In WH Holding Ltd v E20 Stadium LLP [2025] EWHC 140 (Comm), the High Court held that parties were not bound by an expert determination, relying on a clause in the contract which allowed the determination to be set aside if it contained a “manifest error”. 

The Court considered previous decisions on the meaning of “manifest error” and concluded that the test was whether the error was "so obvious and obviously capable of affecting the determination as to admit of no difference of opinion".  

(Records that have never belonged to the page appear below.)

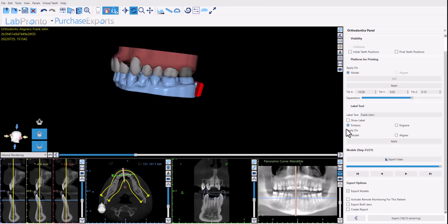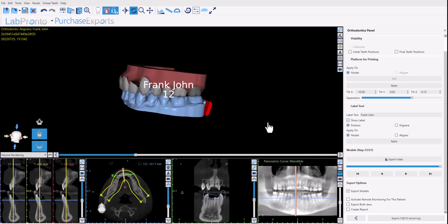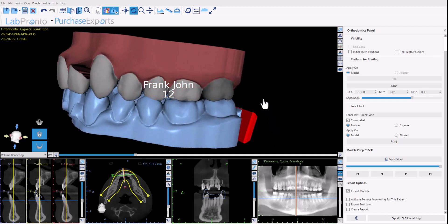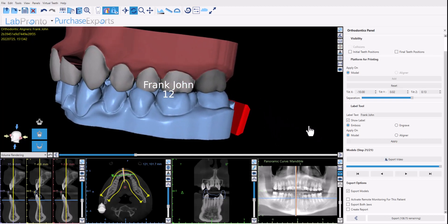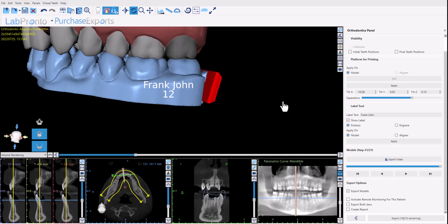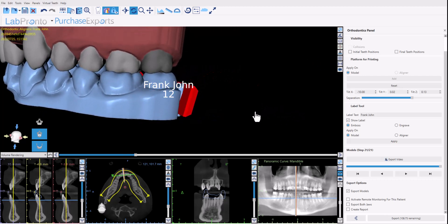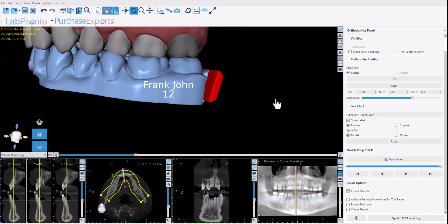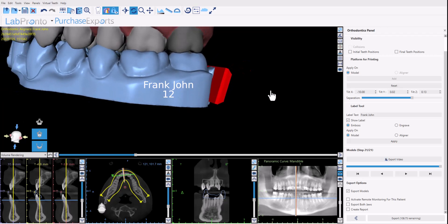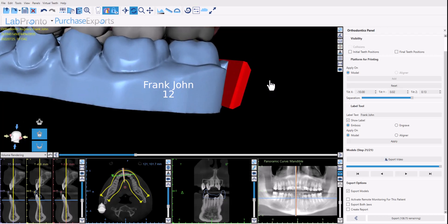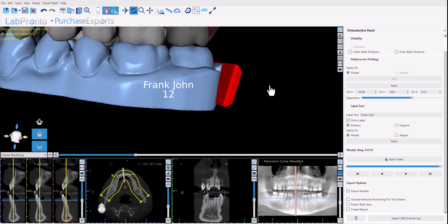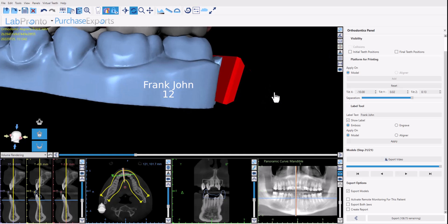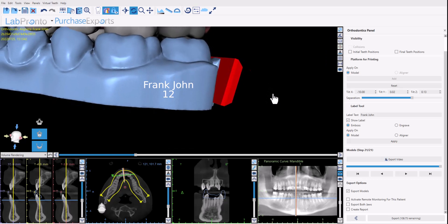The next section that we have here is our labeling tool. So you're able to add a label to the models. Click show label, move the jaws and zoom in and zoom out. I move the jaws by holding down the wheel of my mouse and moving the jaws around, and zoom in and zoom out by sliding the mouse backwards and forwards while holding down the right mouse button in order to position the text accordingly.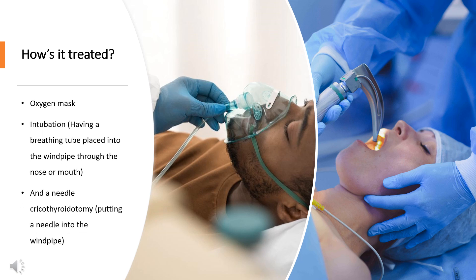How is it treated? Epiglottitis is a medical emergency. The first thing the medical team will do is secure the person's airway to make sure they can breathe properly. Then treatment focuses on the infection. Options include an oxygen mask, intubation — having a breathing tube placed into the windpipe through the nose or mouth — and needle cricothyroidotomy, which involves putting a needle into the windpipe. The medications are given through a vein.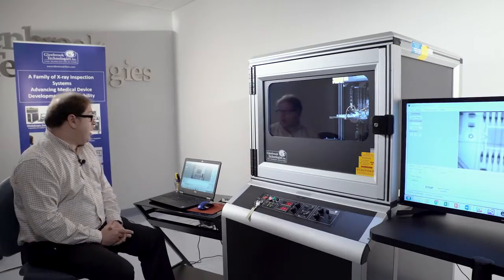Today, we are demonstrating the Glenbrook Jewelbox 70T X-ray system with the Programmable Positioner option.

Successful challenges to expert determinations are rare, and the exploration of the meaning of “manifest error” in this judgment shows that the bar to challenge experts’ decisions – if this is provided for in the contract at all – remains high. The decision also provides helpful guidance on what a court can review when deciding whether there has been a manifest error in the determination. 

 

Background

The case concerns a concession agreement between the claimant, WH Holding Ltd (WHH), and the defendant, E20 Stadium LLP (E20) relating to the use by West Ham United Football Club (the Club), of the London Stadium at the former Olympic Park.  WHH was the holding company for the Club. A dispute arose in relation to an additional “Stadium Premium Amount” allegedly payable to E20. The parties disagreed over whether the relevant clause had been triggered by a series of transactions affecting the ownership of the Club. WHH considered that no amount was due; E20 claimed that under the agreement a payment of £3.6 million was payable. In accordance with the agreement, the dispute was referred for expert determination which would be final and binding in the absence of manifest error. The expert accepted E20’s calculation. WHH applied to court for a declaration that the parties were not bound by the determination because it contained two manifest errors.

 

Decision

Meaning of “manifest error”

Paul Mitchell KC (sitting as a High Court judge) found that the expert had made two errors in his determination. Having found that the expert had made these errors, the judge went on to consider whether these constituted “manifest errors” which would allow the determination to be overturned. Earlier cases have shown this to be a high hurdle, with previous definitions of “manifest error” including “one that is obvious or easily demonstrable without extensive investigation” (IIG Capital LLC v Van Der Merwe [2008] 1 All ER (Comm) 435). The judge relied on the guidance from the Court of Appeal in Veba Oil Supply & Trading GmbH v Petrograde Inc [2002] 1 All ER 703 on whether an error is obvious or easily demonstrable. He concluded that to be “manifest” the error must be “so obvious and obviously capable of affecting the determination as to admit of no difference of opinion”.  The judge observed that the often pejorative or subjective language in previous cases – “blunder”, or the even more colourful “howler” were unhelpful, and would require a purely subjective judgment. 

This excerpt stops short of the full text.